═══ Data block ═══

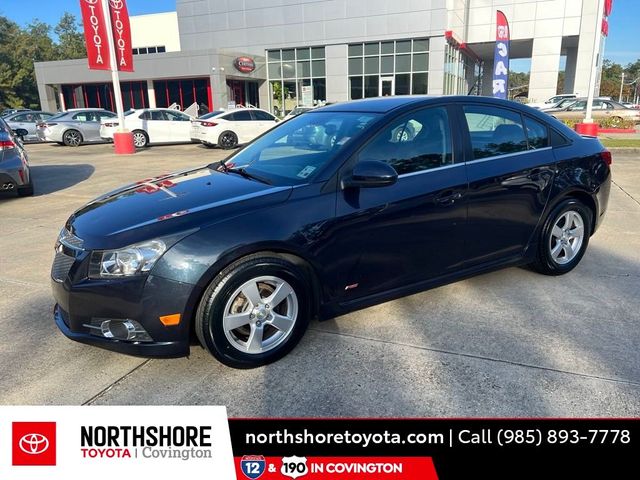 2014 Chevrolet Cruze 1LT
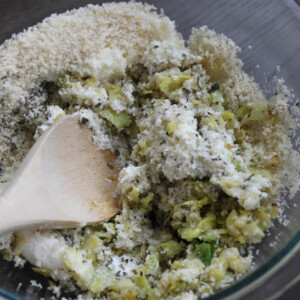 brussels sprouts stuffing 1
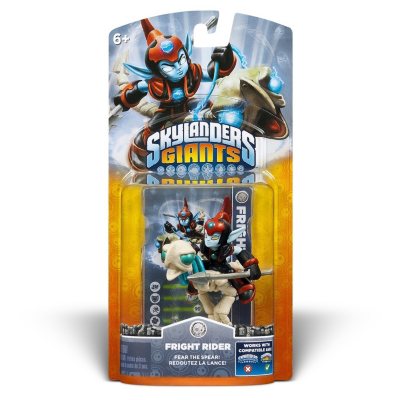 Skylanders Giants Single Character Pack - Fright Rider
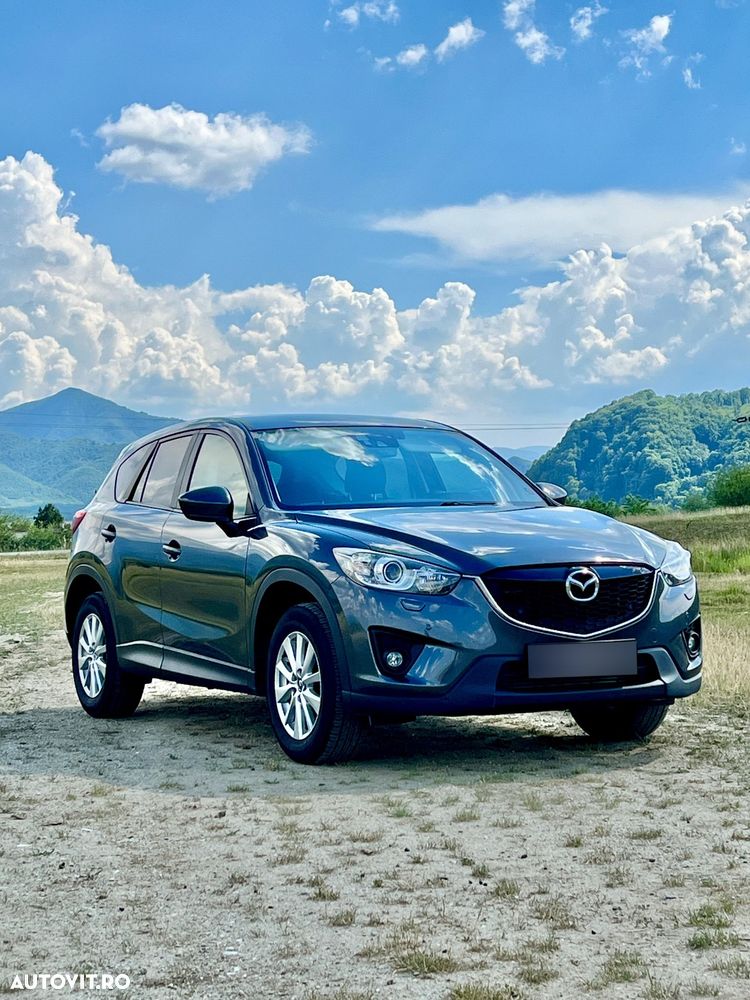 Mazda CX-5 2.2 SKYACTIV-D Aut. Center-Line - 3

═══

## What you have to do
Exact repetition of the material above is required, with the images removed.

## Task result
 2014 Chevrolet Cruze 1LT
 brussels sprouts stuffing 1
 Skylanders Giants Single Character Pack - Fright Rider
 Mazda CX-5 2.2 SKYACTIV-D Aut. Center-Line - 3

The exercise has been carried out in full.